Material provided
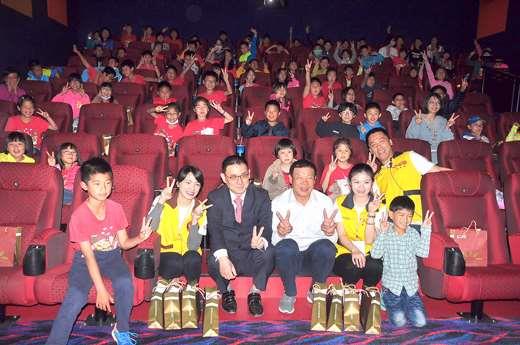 金湖鎮公所和昇恆昌公司昨（3）日包下國賓影城，邀請金湖學區1700位學生看電影。（陳冠霖攝）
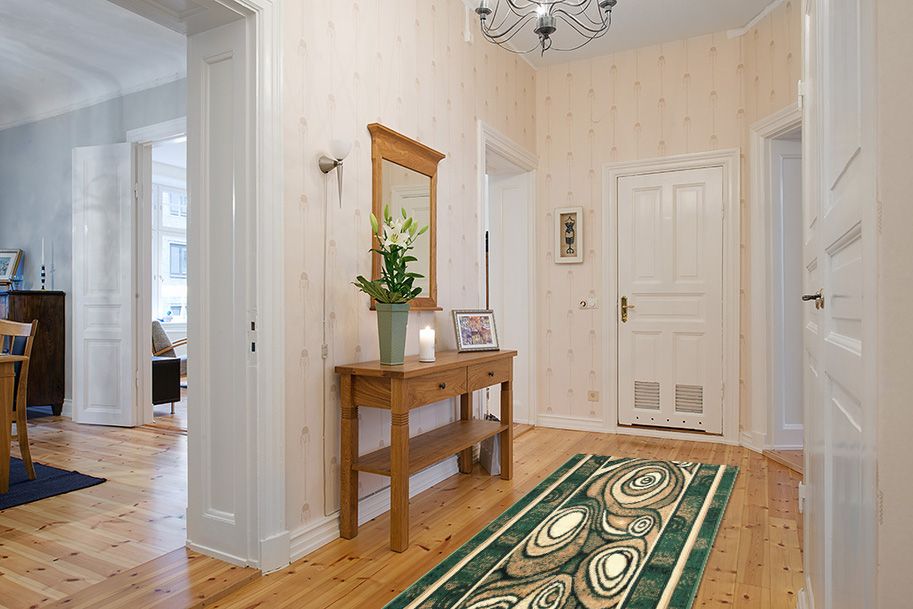 Eleganckie chodniki dywanowe nadają pomieszczeniu odpowiedniego wyglądu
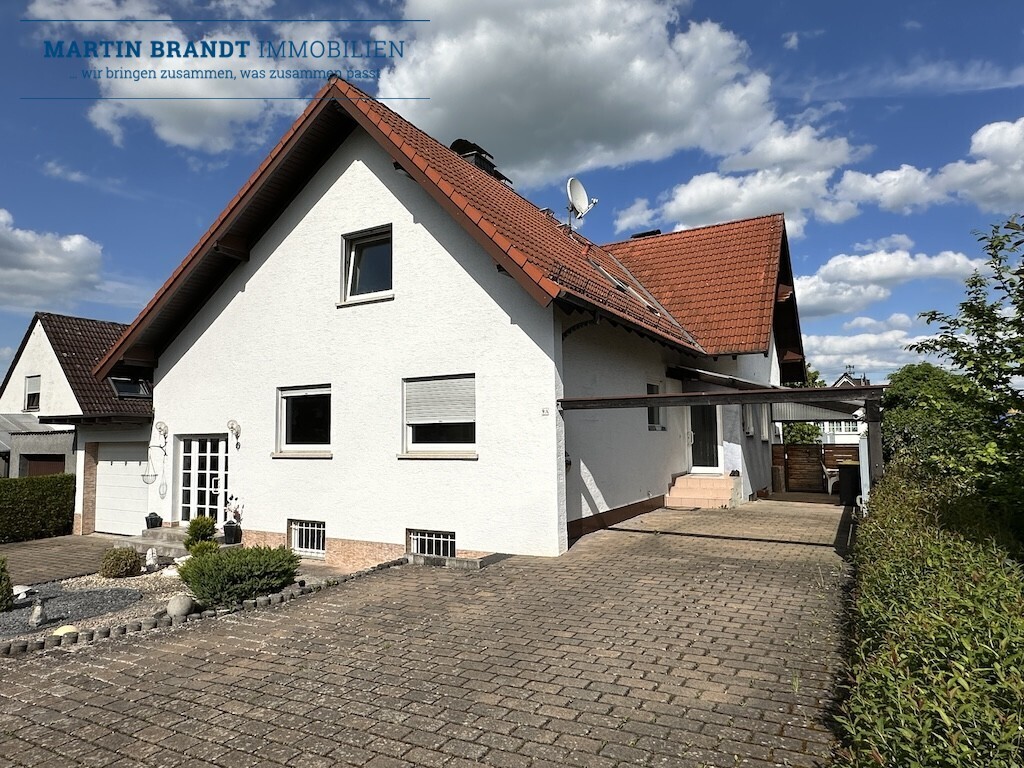 Ansicht des Hauses mit Carport
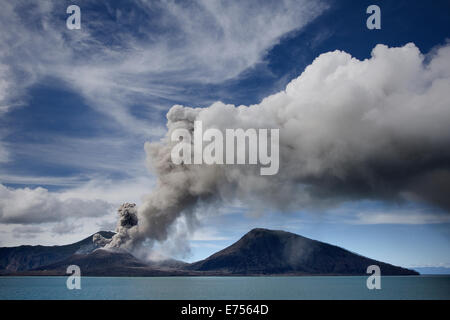 Mt Tavurvur volcanic eruption, Papua New Guinea Stock Photo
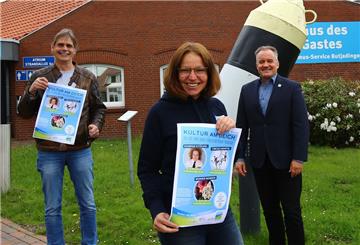 Das Team gehört beim der Umsetzung von großen Veranstaltungen zu den ganz Schnellen (von links): Uwe Schwettmann von Kultur Nord aus Oldenburg, Melanie Schmidt und Robert Kowitz vom TSB. Foto: Böning
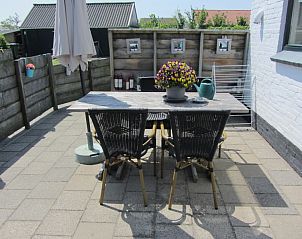 Gemtliche Terrasse mit Esstisch im Ferienhaus Duinviooltje, Texel, De Cocksdorp.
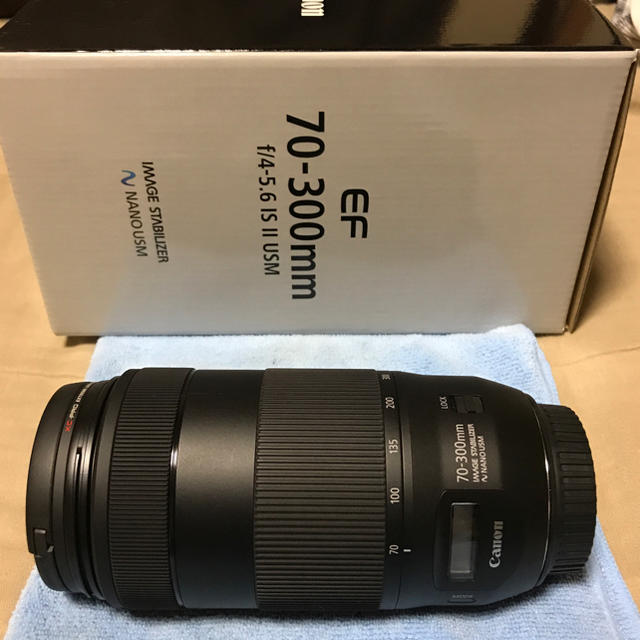 EF70-300mm F4-5.6 IS II USM 望遠ズームレンズ-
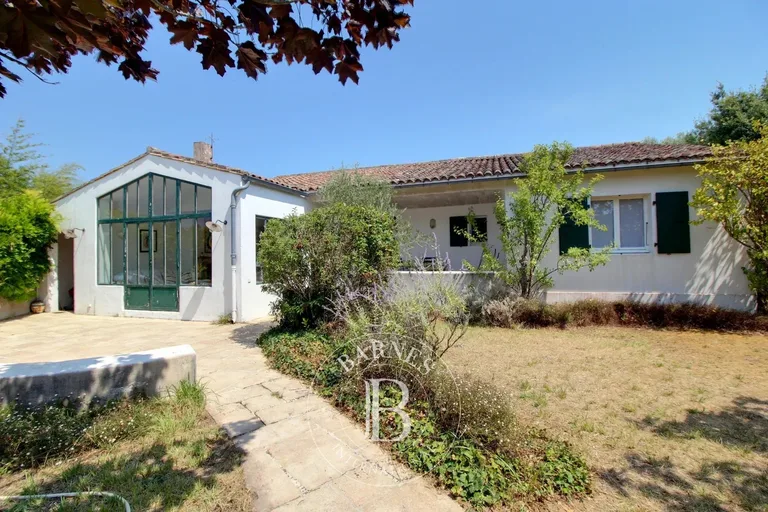House for sale in Les Portes-en-Ré · ref. 87254289
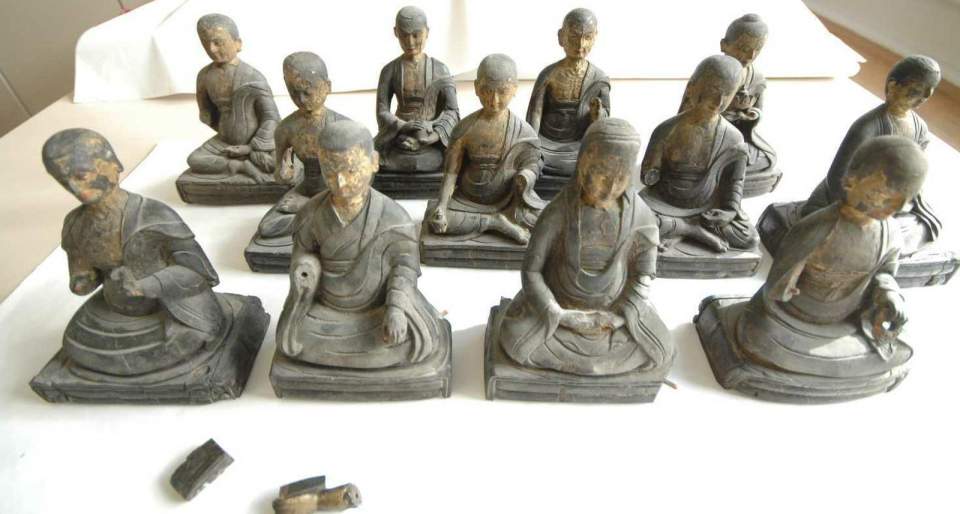 Statuen, Mönche, Zwölf Lamas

Exercise
The lines to return run from the line containing "Gemtliche Terrasse mit" through the last line of the records. Give them exactly, omitting pictures.

Solution below
 Gemtliche Terrasse mit Esstisch im Ferienhaus Duinviooltje, Texel, De Cocksdorp.
 EF70-300mm F4-5.6 IS II USM 望遠ズームレンズ-
House for sale in Les Portes-en-Ré · ref. 87254289
 Statuen, Mönche, Zwölf Lamas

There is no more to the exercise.